╔══

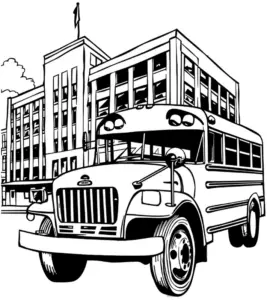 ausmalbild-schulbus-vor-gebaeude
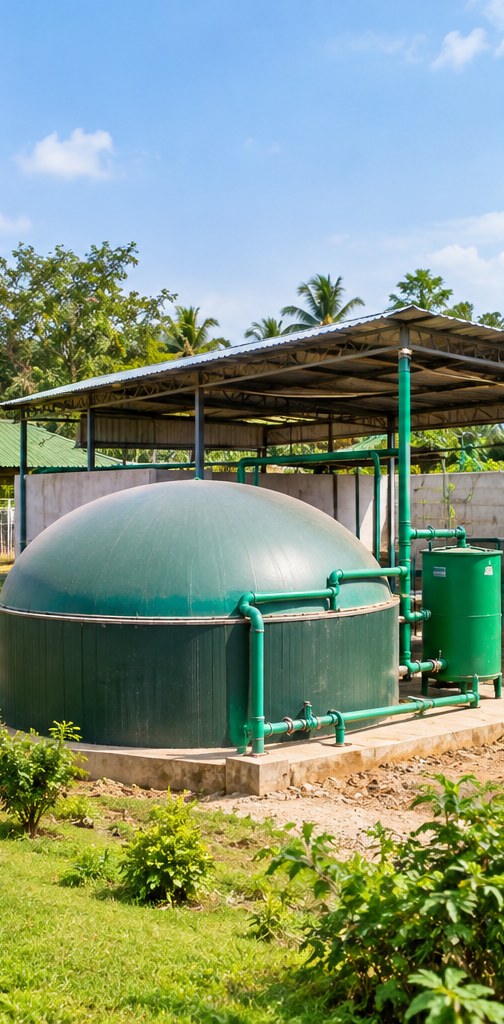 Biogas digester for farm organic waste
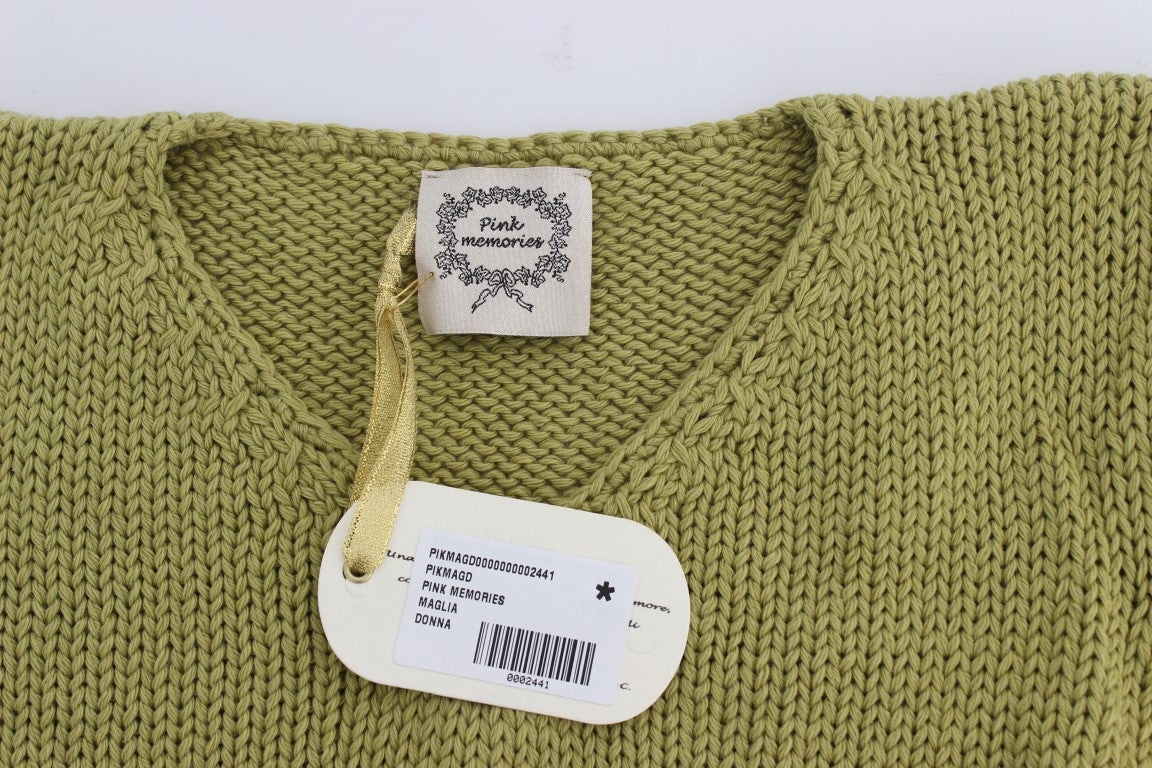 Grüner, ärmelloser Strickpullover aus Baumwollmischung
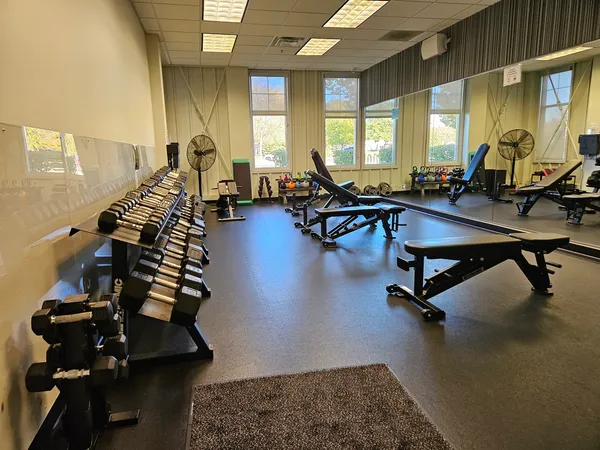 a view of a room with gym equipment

╚══
╔══

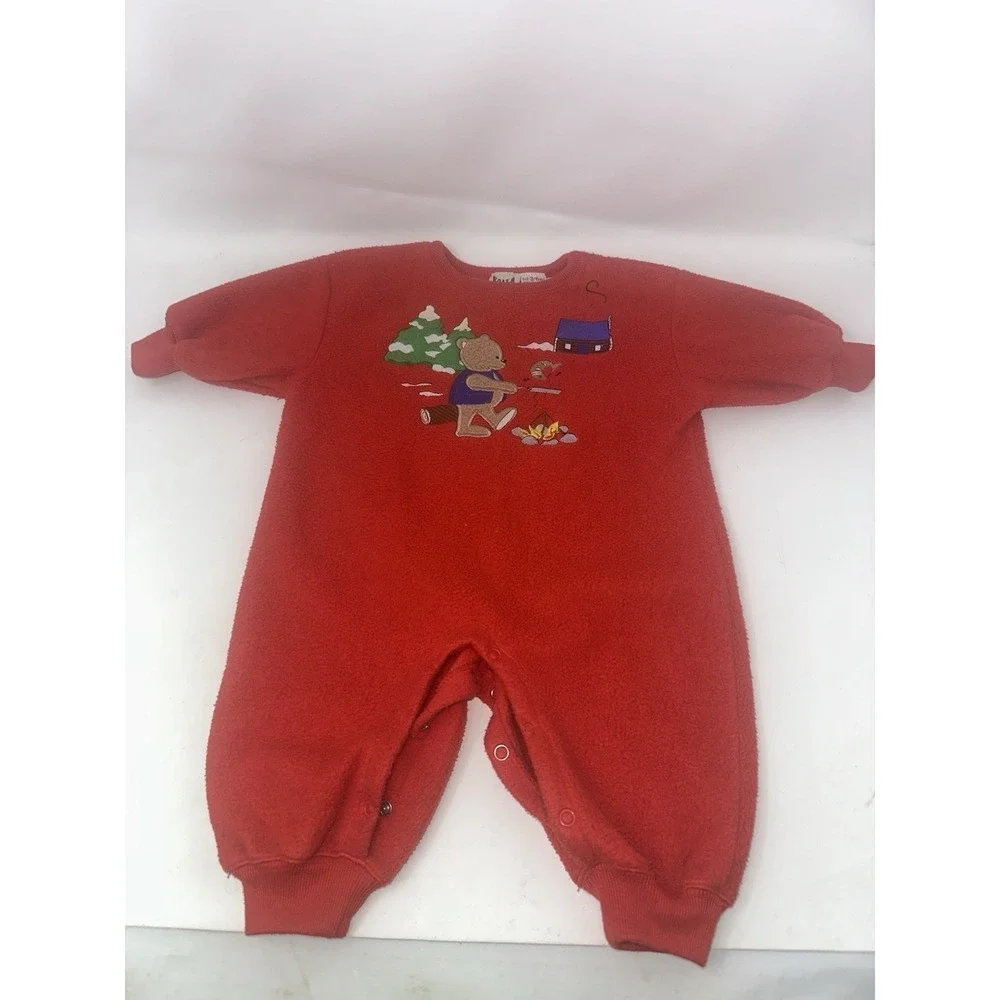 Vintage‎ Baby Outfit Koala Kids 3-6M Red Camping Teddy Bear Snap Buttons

╚══
╔══

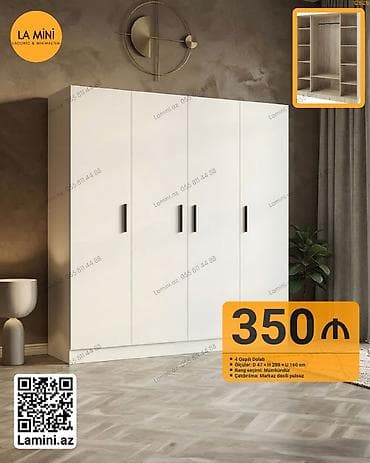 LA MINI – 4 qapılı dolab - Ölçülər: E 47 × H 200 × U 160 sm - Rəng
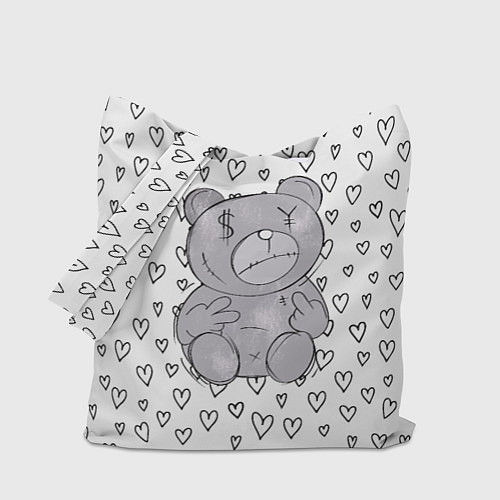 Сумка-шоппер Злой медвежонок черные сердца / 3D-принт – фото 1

╚══

Exactly the lines above, from the one containing "Grüner, ärmelloser Strickpullover" down to the one containing "a view of a room with gym equipment", are to be repeated, including both ends. Pictures are not part of the copy.

 Grüner, ärmelloser Strickpullover aus Baumwollmischung
 a view of a room with gym equipment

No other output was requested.